### PROBLEM STATEMENT:
Retype nothing except the lines below from the one with "yzWG[EANZT[ CT[glbNXcollana lunga" through the one with "Zebra Camouflaged in", exactly, with images left out.

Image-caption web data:
= = = =

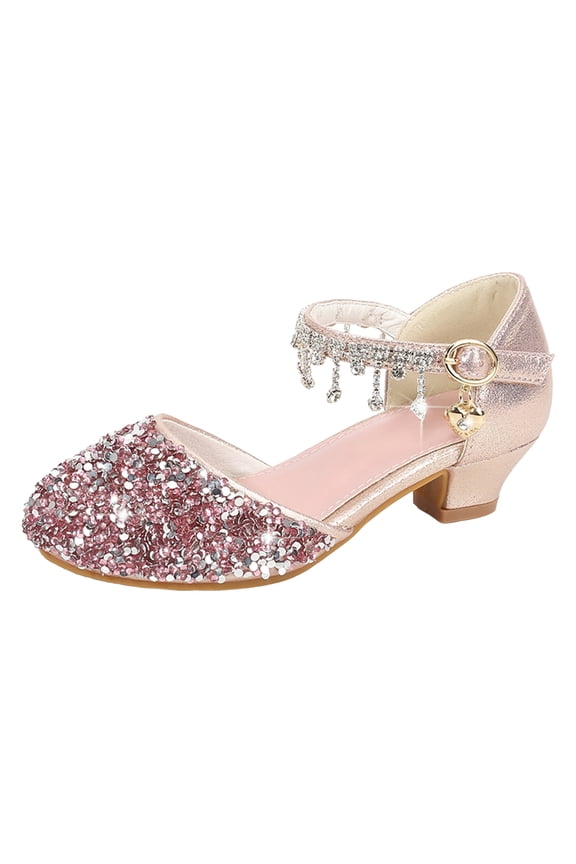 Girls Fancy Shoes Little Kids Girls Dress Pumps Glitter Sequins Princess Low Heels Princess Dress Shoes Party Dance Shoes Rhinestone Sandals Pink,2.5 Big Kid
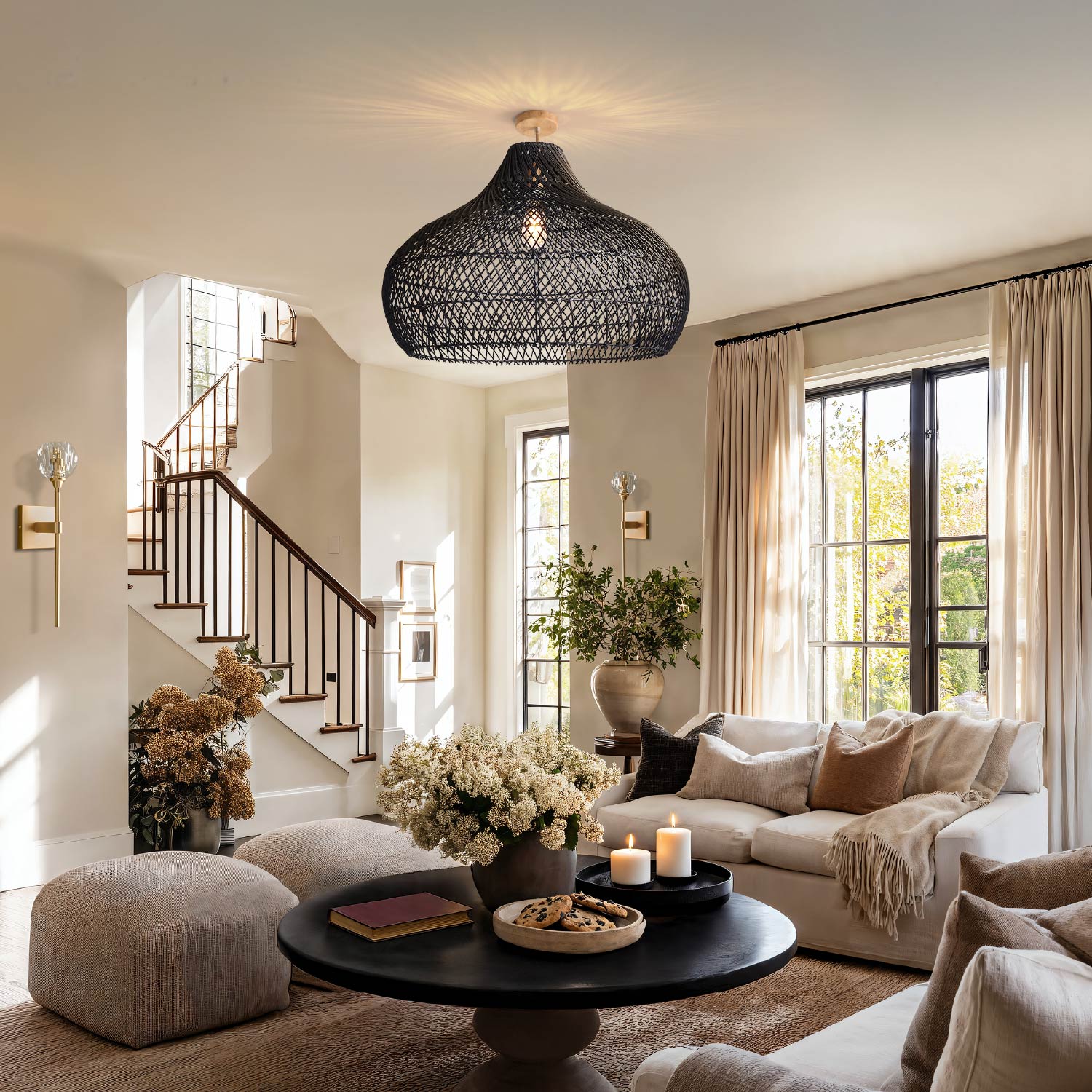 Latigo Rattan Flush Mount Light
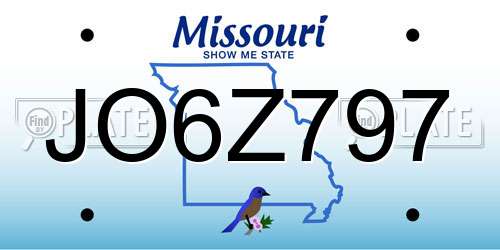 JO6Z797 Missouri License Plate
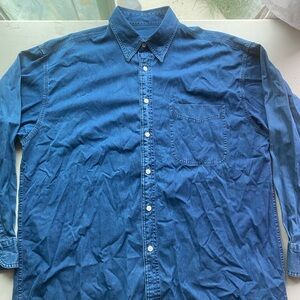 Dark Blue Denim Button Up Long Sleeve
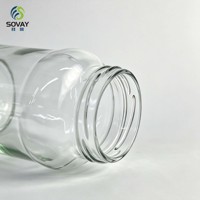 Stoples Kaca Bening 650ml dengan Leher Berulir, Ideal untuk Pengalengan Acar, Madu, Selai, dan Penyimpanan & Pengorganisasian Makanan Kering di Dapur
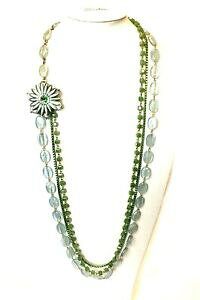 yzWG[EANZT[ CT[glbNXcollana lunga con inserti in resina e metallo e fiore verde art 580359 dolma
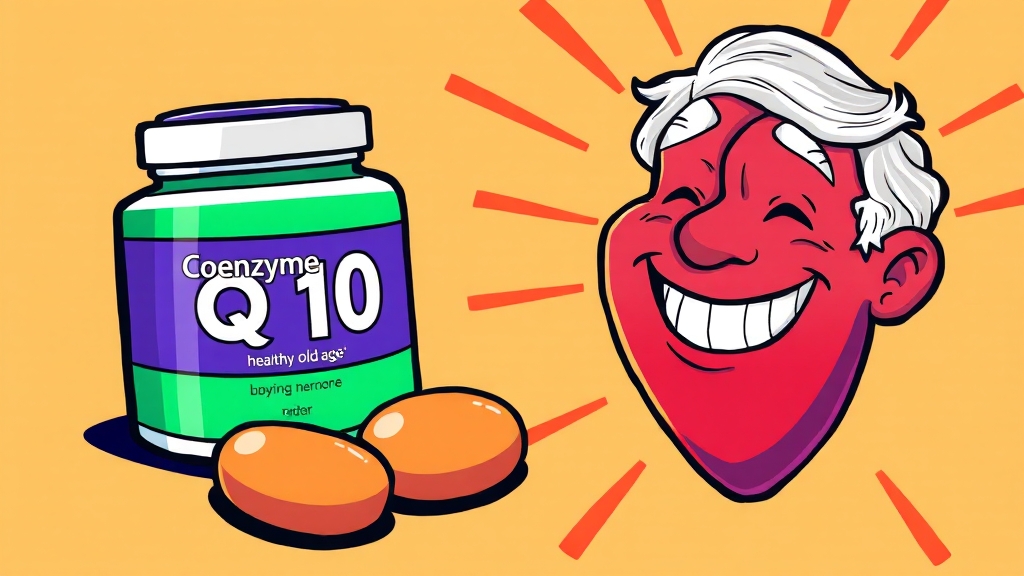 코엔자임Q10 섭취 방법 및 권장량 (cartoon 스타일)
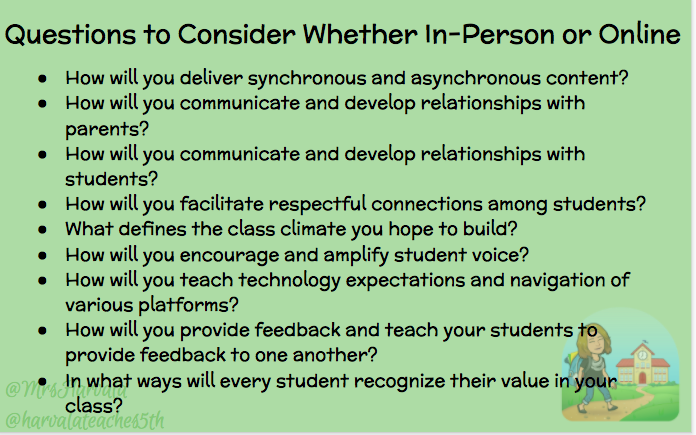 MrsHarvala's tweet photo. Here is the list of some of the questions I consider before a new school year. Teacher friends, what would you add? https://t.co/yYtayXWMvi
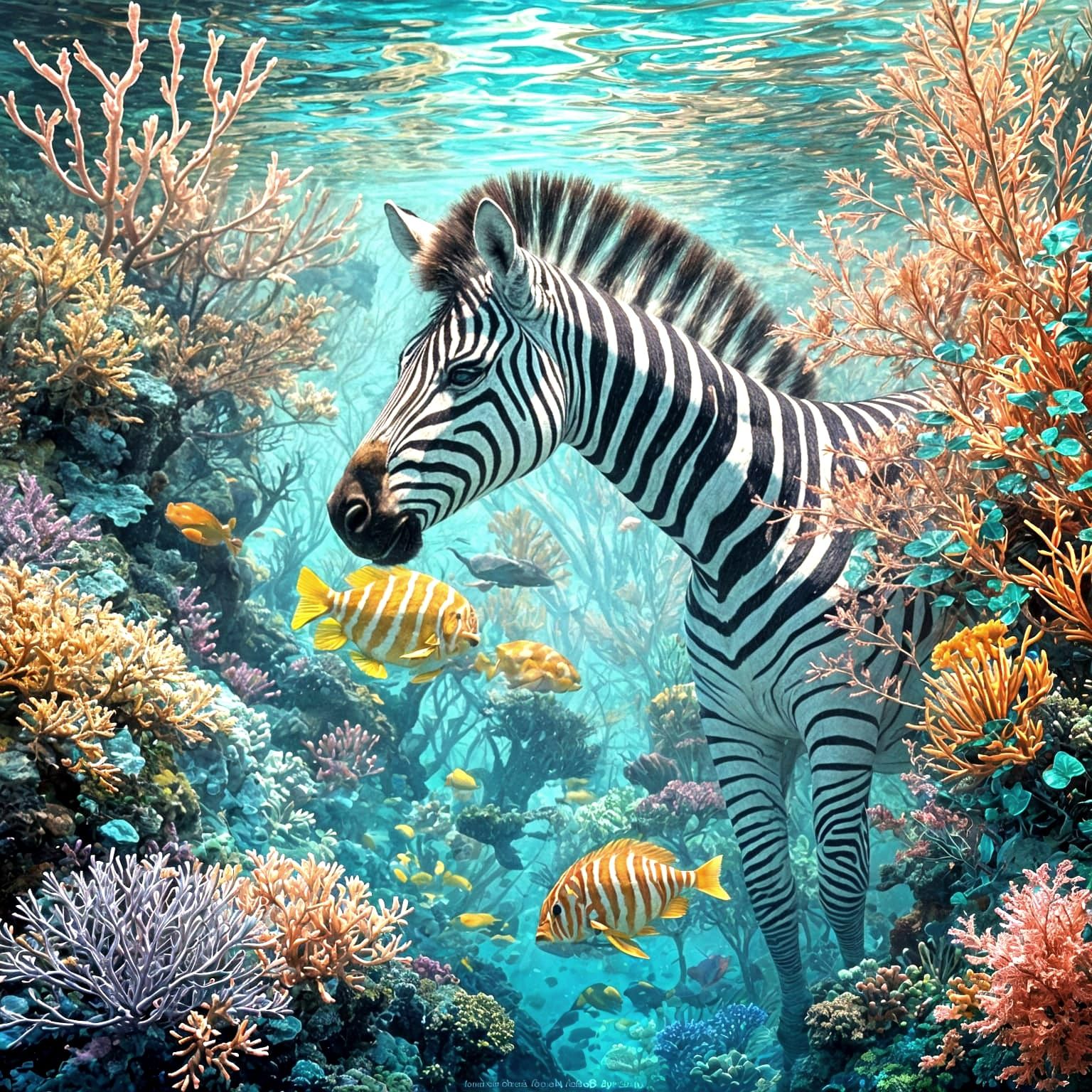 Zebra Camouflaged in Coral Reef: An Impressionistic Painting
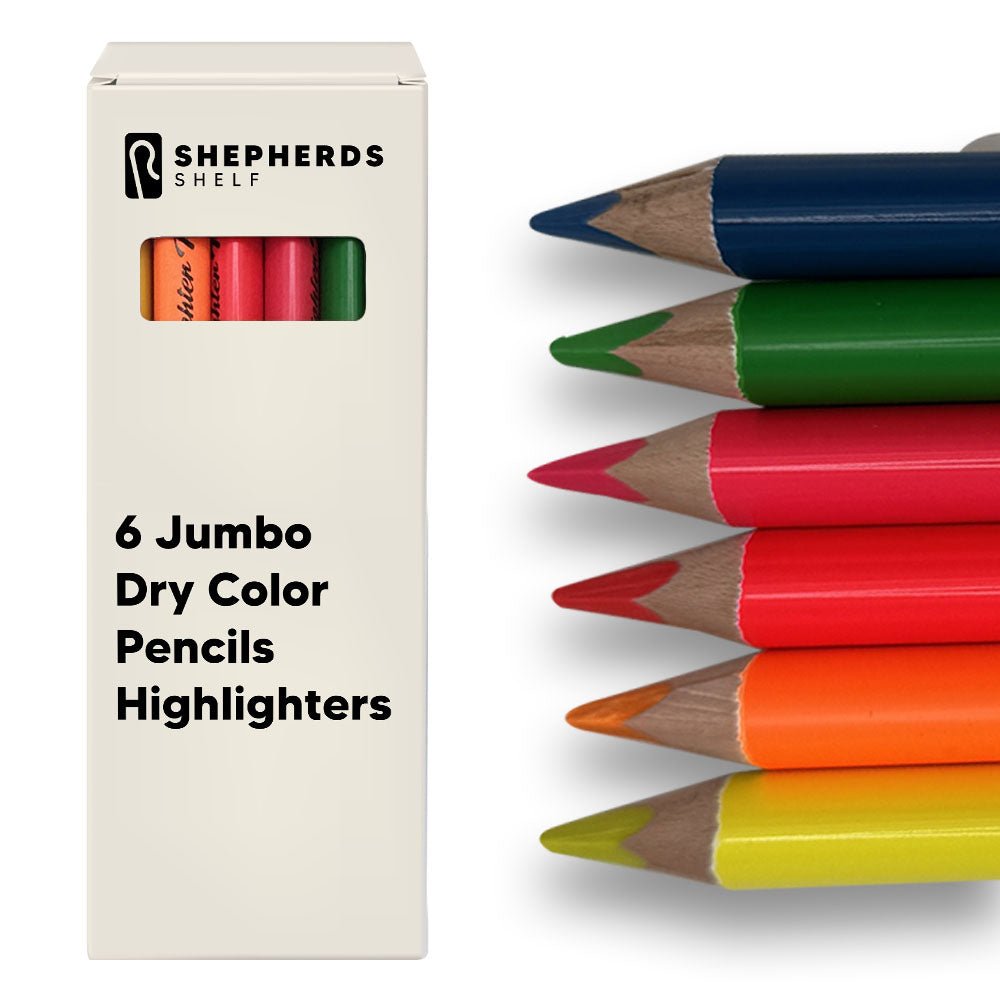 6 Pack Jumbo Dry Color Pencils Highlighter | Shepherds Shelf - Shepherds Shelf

= = = =

### YOUR SOLUTION:
 yzWG[EANZT[ CT[glbNXcollana lunga con inserti in resina e metallo e fiore verde art 580359 dolma
 코엔자임Q10 섭취 방법 및 권장량 (cartoon 스타일)
 MrsHarvala's tweet photo. Here is the list of some of the questions I consider before a new school year. Teacher friends, what would you add? https://t.co/yYtayXWMvi
 Zebra Camouflaged in Coral Reef: An Impressionistic Painting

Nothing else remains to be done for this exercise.